Infinite Protein Self-Assembly in Health and Disease

Understanding how proteins respond to mutations is paramount to biology and disease. While protein stability and misfolding have been instrumental in rationalizing the impact of mutations, we recently discovered that an alternative route is also frequent, where mutations at the surface of symmetric proteins trigger novel self-interactions that lead to infinite self-assembly. This mechanism can be involved in disease, as in sickle-cell anemia, but may also serve in adaptation. Notably, it differs fundamentally from aggregation because misfolding does not drive it. Thus, we term it “agglomeration”. The ease with which agglomeration can occur, even by single point mutations, shifts the paradigm of how quickly new protein assemblies can emerge, both in health and disease. This prompts us to determine the basic principles of protein agglomeration and explore its implications in cell physiology and human disease.
We propose an interdisciplinary research program bridging atomic and cellular scales to explore agglomeration in three aims: (i) Map the landscape of protein agglomeration in response to mutation; (ii) Characterize how yeast physiology impacts agglomeration by changes in gene expression or cell state, and, conversely, how protein agglomerates impact yeast fitness. (iii) Analyze agglomeration in relation to human disease via two approaches. First, by predicting single nucleotide polymorphisms that trigger agglomeration, prioritizing them using knowledge from Aims 1 & 2, and characterizing them experimentally. Second, by providing a proof-of-concept that agglomeration can be exploited in drug design, whereby drugs induce its formation, like mutations can do. Overall, through this research, we aim to establish agglomeration as a paradigm for protein assembly, with implications for our understanding of evolution, physiology, and disease.

We have made progress in several directions. Regarding Aim 1, we mapped the agglomeration landscape of two proteins following hundreds of random mutations targeting three surface positions. While surface mutations are classically viewed as benign, our analysis of several hundred mutants revealed they often trigger three main phenotypes in these proteins: nuclear localization, the formation of puncta, and fibers. Strikingly, more than 50% of random mutants induced one of these phenotypes in both complexes. Analyzing the mutant’s sequences showed that surface stickiness and net charge are two fundamental physicochemical properties associated with these changes. Additionally, for one of the proteins, more than 60% of mutants are self-assembled into fibers. Such a high frequency is explained by negative design: charged residues shielded this complex from self-interacting with copies of itself, and the sole removal of the charges induced its supramolecular self-assembly. A subsequent analysis of several other complexes targeted with alanine mutations suggested that such negative design is common. Together these results (Garcia-Seisdedos et al. PNAS, in press) highlight that minimal perturbations in protein surfaces’ physicochemical properties can frequently drive assembly and localization changes in a cellular context. Also in relation to Aim 1, we demonstrated that surface stickiness is selected against in disordered regions to minimize non-functional interactions (Dubreuil et al. J.Mol.Biol 2019). And finally, we came up with a more accurate stickiness scale (Villegas and Levy, bioRxiv. 2021), which we will use for the rest of this ERC project. Concerning Aim 2, the work is ongoing: we are analyzing co-localization between agglomerates and >100 protein-quality-control components by high-throughput confocal microscopy. We also started dissecting the impact that functional and non-functional agglomerates have on yeast fitness and cellular functions. Finally, concerning Aim 3, we are taking advantage of the recent structure-prediction revolution to maximize the coverage of the human proteome with symmetry information.
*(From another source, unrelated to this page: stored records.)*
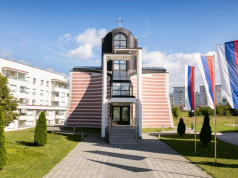 У суботу обиљежавање 34 године Илиџанског одреда Специјалне бригаде МУП-а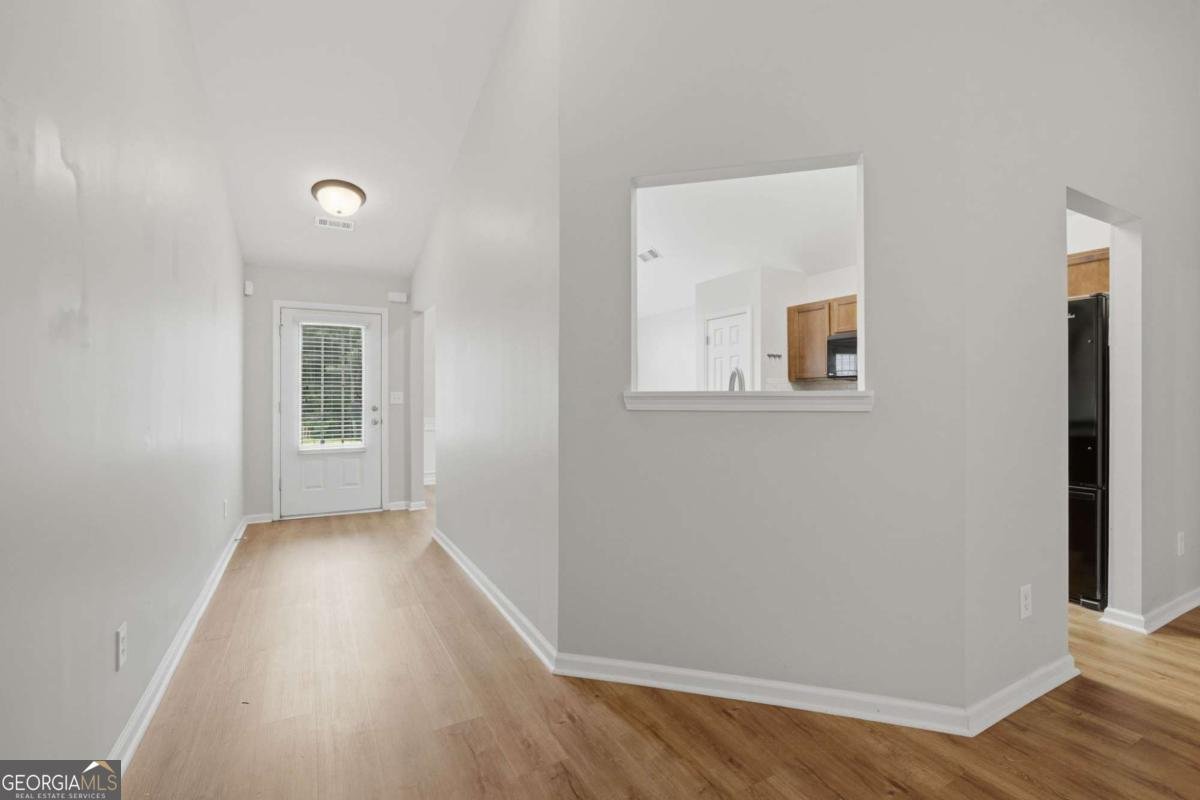 185 Nashport Lane Dawsonville - Photo 11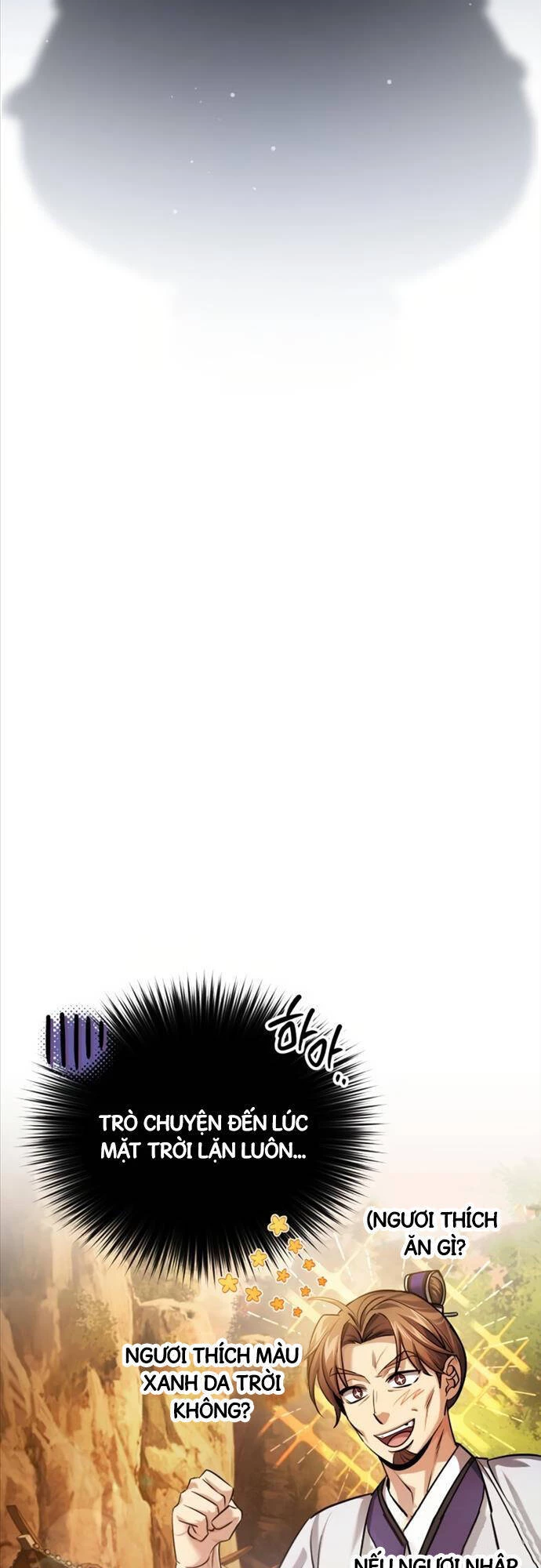 Thiếu Gia Yểu Mệnh Nhà Họ Bạch Chapter 24 - 40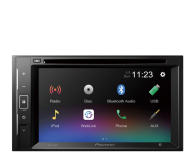 Pioneer AVH-A240BT - 1214841 - zdjęcie 1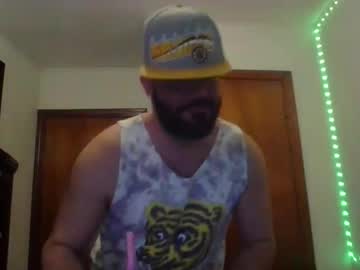 _Your_Pleasure__ Chaturbate stream image from March 09, 2025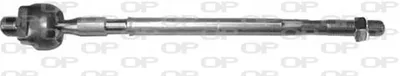 Rotule de direction intérieure, barre de connexion Opel ADAM · Opel CORSA E · Opel CORSA E Hatchback Van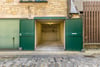 9G Northumberland Street South East Lane, New Town, Edinburgh, EH3 6LP - Picture #3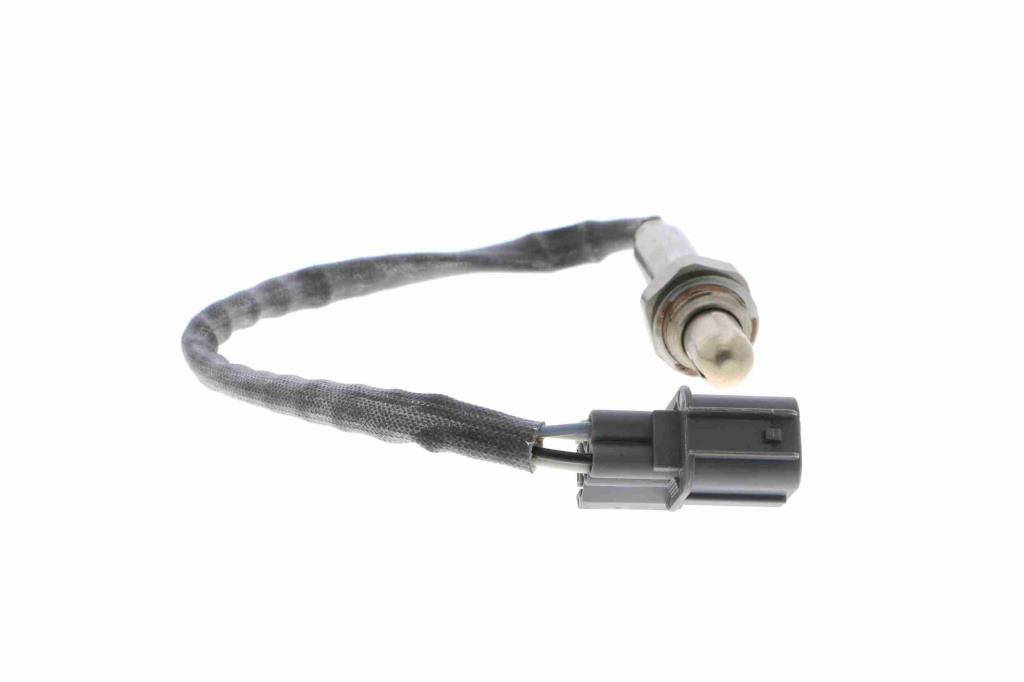 Sonde lambda (Sonde à oxygène) VEMO ref. V26-76-0006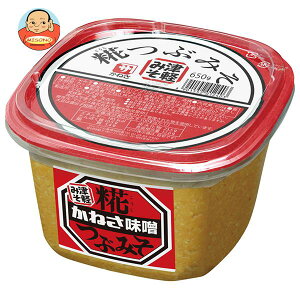 [|Cg5{ISiΏۃGg[&w]}R ˂Ԃ݂ 650g×8×(2P[X)b  X ʐHi  ܂邱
The creation of new protein-protein interactions is classically viewed as requiring new (positive design) elements. For example the addition of a hydrophobic residue that acts as a hot-spot for mediating an interaction. In the case of symmetric homo-oligomers, we found that this is not necessarily the case. Indeed, we saw that latent self-interacting interfaces may pre-exist at the surface and that the sole removal of a residue’s side chain may reveal a latent interface and allow binding. This finding adds to the textbook description of how protein interfaces can form. This part of the project is completed and our current work promises to be equally exciting. In particular, our knowledge of general principles by which agglomerates interact with cellular proteins and processes is inexistent. Thus, we anticipate this research to yield fundamental insights, beyond the state-of-the-art.